Seit einer Woche kann PARDO nun einen Teil der Bärenfreianlage erkunden. Anfangs war er mutig losgetapst, um sein neues Domizil zu erkunden. Dabei geriet er mehrfach an die Elektroumzäunung. Eine schmerzhafte Erfahrung, die ihn aber nicht in Panik zu versetzen schien.  Nun wird jedoch immer deutlicher, dass seine Eingewöhnung viel Zeit in Anspruch nehmen wird.
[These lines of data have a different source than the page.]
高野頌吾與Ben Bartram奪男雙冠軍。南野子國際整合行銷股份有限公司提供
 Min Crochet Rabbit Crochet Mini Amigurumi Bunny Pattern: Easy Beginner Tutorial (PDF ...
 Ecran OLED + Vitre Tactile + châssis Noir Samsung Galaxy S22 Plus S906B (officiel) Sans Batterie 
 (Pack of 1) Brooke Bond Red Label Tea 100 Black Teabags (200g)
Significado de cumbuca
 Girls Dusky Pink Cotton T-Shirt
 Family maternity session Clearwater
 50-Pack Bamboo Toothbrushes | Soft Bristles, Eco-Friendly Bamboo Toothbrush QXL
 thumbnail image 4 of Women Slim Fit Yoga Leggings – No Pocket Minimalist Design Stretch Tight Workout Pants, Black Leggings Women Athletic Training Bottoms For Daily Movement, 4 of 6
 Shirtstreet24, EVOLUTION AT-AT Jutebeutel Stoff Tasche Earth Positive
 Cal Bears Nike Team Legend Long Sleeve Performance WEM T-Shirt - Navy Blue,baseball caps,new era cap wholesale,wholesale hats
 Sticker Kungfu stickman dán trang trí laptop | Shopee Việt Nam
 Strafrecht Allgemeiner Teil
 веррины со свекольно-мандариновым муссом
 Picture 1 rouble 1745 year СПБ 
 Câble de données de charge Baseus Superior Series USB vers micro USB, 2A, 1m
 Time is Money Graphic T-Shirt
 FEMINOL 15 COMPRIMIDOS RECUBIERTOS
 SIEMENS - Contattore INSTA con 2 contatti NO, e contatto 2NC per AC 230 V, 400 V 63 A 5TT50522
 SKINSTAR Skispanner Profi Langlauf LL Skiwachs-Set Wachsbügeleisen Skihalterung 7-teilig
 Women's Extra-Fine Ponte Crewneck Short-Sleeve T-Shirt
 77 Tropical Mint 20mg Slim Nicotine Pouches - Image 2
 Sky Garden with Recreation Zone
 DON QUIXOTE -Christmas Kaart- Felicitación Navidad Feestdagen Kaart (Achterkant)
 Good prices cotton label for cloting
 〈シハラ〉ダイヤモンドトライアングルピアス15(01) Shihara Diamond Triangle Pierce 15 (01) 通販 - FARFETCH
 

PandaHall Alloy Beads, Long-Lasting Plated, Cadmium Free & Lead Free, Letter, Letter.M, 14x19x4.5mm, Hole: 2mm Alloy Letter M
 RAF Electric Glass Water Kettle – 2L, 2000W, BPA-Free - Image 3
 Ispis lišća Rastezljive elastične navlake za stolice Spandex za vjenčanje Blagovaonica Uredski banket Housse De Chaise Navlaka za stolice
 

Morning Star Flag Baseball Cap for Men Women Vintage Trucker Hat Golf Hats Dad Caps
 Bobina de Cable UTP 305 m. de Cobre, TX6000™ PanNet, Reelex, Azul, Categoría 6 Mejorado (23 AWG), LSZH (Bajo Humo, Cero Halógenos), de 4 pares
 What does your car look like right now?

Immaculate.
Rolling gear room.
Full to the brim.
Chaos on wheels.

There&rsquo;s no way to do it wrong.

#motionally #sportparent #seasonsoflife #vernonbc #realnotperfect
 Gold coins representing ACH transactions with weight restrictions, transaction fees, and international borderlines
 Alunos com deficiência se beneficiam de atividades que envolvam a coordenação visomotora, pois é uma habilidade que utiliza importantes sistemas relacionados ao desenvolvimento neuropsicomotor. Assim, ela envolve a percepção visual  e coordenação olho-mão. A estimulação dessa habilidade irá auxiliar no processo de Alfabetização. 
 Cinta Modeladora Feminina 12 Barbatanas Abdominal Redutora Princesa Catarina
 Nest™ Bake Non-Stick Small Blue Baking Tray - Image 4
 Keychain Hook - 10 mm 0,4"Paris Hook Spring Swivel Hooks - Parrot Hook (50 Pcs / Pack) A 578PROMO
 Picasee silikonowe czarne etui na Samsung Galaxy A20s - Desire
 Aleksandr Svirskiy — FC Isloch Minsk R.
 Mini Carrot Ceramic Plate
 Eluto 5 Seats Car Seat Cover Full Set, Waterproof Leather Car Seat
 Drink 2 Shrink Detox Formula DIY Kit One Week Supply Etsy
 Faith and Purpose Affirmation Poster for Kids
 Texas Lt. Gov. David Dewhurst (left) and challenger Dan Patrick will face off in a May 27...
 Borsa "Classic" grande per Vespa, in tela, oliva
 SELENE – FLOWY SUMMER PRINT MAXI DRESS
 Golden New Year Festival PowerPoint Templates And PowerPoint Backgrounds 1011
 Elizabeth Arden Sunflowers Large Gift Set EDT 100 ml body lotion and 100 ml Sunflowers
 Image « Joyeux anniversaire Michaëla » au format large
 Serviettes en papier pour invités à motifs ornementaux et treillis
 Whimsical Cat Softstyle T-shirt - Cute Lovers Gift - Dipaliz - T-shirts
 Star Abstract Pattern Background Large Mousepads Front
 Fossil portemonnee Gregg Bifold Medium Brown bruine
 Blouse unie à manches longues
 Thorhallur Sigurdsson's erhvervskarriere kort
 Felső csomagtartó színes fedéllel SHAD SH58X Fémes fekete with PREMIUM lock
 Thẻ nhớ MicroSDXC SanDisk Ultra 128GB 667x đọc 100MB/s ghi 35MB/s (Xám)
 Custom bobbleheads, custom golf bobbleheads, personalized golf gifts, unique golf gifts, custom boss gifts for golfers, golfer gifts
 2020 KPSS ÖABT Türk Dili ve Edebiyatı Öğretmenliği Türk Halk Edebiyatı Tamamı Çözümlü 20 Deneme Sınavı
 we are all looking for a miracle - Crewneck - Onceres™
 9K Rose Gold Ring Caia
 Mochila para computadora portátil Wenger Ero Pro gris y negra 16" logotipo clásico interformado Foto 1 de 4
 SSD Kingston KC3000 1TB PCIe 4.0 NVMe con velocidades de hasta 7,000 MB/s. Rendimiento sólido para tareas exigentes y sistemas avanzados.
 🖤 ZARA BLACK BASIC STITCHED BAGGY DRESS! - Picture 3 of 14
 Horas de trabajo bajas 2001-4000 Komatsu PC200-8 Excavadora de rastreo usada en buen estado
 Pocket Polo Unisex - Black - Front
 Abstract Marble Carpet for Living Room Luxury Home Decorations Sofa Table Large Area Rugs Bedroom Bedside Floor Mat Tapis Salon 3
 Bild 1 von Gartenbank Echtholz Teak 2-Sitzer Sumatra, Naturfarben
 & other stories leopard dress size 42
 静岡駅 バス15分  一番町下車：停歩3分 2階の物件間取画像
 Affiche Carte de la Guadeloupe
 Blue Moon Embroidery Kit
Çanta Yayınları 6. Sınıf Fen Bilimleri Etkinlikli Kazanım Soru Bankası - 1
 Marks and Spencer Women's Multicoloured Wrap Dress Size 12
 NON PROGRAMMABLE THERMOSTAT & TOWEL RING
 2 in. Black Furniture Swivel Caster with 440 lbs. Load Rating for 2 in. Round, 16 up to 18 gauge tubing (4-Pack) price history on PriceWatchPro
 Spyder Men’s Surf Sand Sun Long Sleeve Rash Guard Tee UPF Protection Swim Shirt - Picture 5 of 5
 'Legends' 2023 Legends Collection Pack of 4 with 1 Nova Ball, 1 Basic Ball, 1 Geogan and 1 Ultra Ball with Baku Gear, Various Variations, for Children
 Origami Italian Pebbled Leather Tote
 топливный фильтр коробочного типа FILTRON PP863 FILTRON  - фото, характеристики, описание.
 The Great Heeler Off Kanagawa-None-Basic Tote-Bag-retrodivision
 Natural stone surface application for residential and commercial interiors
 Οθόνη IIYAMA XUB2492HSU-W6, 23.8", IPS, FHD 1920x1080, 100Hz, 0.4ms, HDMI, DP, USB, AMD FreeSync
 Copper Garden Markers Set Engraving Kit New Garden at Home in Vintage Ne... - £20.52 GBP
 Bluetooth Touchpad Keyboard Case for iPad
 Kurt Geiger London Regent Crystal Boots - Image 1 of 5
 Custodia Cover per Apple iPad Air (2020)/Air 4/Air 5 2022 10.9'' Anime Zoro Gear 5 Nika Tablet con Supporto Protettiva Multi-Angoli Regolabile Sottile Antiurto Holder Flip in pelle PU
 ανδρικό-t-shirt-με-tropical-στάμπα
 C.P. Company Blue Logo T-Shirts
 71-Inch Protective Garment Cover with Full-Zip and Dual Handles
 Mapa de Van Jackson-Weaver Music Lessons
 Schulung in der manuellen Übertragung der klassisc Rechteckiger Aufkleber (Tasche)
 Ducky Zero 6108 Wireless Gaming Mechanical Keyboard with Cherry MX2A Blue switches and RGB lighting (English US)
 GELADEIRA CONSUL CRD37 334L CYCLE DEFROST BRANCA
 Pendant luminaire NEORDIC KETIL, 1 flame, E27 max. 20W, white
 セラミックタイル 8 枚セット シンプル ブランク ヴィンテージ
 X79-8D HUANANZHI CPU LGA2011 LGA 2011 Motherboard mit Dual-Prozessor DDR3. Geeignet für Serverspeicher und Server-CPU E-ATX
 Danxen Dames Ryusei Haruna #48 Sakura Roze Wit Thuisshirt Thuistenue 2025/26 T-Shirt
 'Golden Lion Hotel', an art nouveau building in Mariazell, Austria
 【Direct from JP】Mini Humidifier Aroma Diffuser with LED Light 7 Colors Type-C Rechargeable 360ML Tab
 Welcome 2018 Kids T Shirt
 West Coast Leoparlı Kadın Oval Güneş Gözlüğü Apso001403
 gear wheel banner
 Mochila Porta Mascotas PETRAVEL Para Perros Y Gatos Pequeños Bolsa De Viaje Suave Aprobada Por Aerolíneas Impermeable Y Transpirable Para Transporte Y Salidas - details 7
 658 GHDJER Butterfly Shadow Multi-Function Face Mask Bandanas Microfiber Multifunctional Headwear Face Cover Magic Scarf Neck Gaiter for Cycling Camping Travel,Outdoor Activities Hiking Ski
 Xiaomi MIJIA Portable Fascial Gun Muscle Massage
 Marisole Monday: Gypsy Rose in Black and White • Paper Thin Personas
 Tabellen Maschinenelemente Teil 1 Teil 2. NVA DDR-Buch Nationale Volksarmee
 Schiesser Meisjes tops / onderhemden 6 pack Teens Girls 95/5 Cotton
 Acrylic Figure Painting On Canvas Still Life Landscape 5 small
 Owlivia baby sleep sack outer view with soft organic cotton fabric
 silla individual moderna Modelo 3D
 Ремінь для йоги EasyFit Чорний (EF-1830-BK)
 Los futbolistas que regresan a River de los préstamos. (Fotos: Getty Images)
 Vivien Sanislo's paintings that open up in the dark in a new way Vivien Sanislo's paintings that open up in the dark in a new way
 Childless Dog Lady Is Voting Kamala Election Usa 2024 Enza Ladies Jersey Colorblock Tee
Der Grund dafür liegt in PARDOs kaum noch vorhandenen Sehfähigkeit.  Bei der medizinischen Untersuchung wurde noch vermutet, dass er mit dem linken Auge zwar sehr schlecht, aber doch ein wenig sehen kann. Beobachtungen seines Verhaltens in der Freianlage lassen jedoch den Schluss zu, dass dieses Auge völlig blind ist. Auch mit dem rechten Auge nimmt PARDO Hindernisse offenbar erst spät wahr. Kein Wunder also, dass er nach der ersten Euphorie seine Umgebung nun sehr vorsichtig und zurückhaltend erkundet.

Immer stärker setzt er dabei Nase und Ohren ein. Oft bleibt er stehen und lauscht minutenlang oder wittert mit hoch erhobener Nase. Von seinen kurzen Ausflügen nimmt er sich gern „Souvenirs“ mit: Äste und abgenagte Knochen bringt er zu seinem Lieblingsruheplatz und unterzieht sie dort einer genauen Inspektion.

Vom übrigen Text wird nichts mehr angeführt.